■ Supplied material ■

● ● ● ●

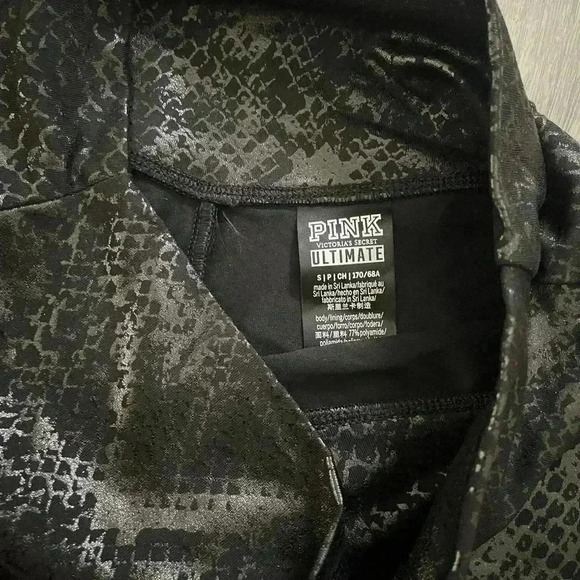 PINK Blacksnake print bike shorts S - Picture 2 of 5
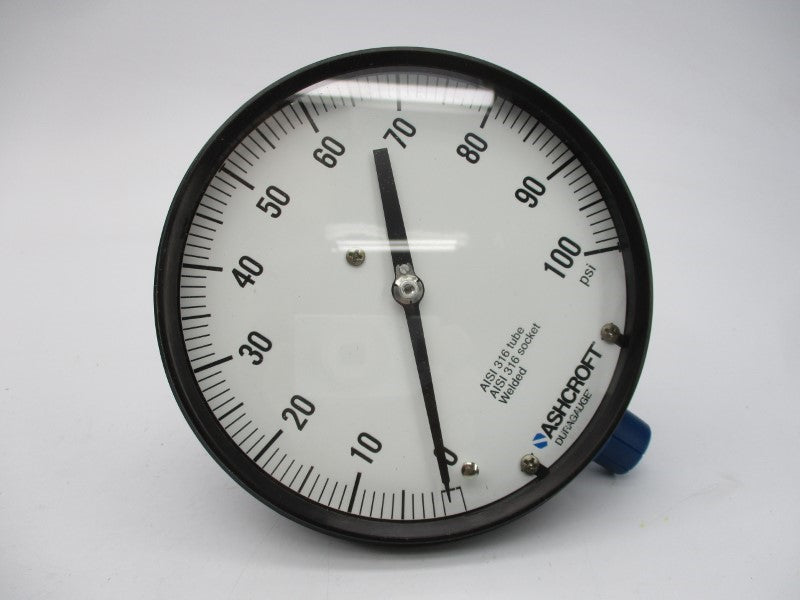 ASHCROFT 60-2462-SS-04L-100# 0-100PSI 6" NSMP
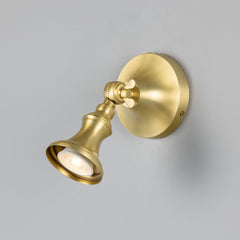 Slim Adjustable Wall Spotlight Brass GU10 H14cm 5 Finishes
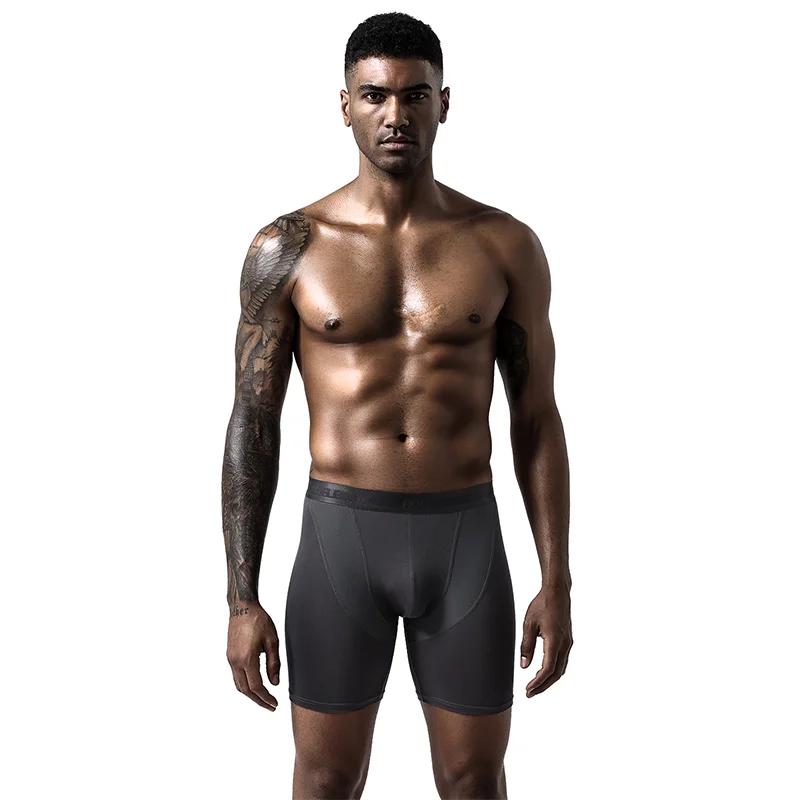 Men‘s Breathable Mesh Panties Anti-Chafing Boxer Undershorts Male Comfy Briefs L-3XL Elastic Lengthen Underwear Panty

● ● ● ●

■ Problem description ■
All lines of the listing must be given again exactly, excluding the pictures.

■ Exercise answer ■
 PINK Blacksnake print bike shorts S - Picture 2 of 5
 ASHCROFT 60-2462-SS-04L-100# 0-100PSI 6" NSMP
 Slim Adjustable Wall Spotlight Brass GU10 H14cm 5 Finishes
 Men‘s Breathable Mesh Panties Anti-Chafing Boxer Undershorts Male Comfy Briefs L-3XL Elastic Lengthen Underwear Panty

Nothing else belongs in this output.